Global smartphone sales are set to rebound after dropping to a three-year low last year, according to a survey carried out by Accenture.
More than half of respondents said that they planned to buy a new smartphone in the next year whereas only 48 per cent said the same last year.
The Asian market will drive much of the increased demand, with 74 per cent of Chinese consumers saying they intend to buy a new smartphone this year, up from 61 per cent last year.
However, sales of smart watches, fitness trackers and other connected devices is likely to remain slow, due to concerns about personal data and the relatively high price of these items compared to phones.
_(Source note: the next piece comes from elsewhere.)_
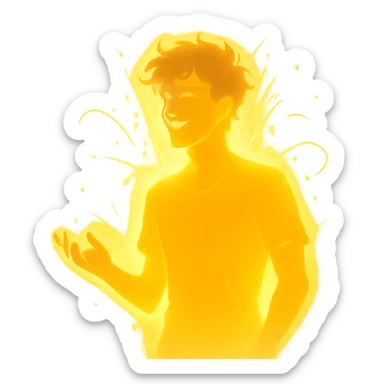 radiant young man with a soft glow and captivating energy, symbolizing lighthearted chaos and allure, in a minimalist silhouette sticker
Nearly nine in ten of those surveyed said they were concerned about the security of online transactions, while the possibility of personal data being compromised was slowing demand for wearable devices and home-connected surveillance cameras.
Nevertheless, there is potential for acceleration in the field, as many have long-term plans to purchase smart technology. While only 8 per cent will acquire a smart thermostat this year, 42 per cent say they will buy one in the next five years. Similarly, 44 per cent would like to buy a wearable fitness device within five years, but just 12 per cent are likely to purchase one this year.
David Sovie, global managing director for Accenture’s electronics and high-tech business, said: “Market momentum for these devices will stall unless the industry overcomes these obstacles. If that happens, market demand could accelerate quickly.”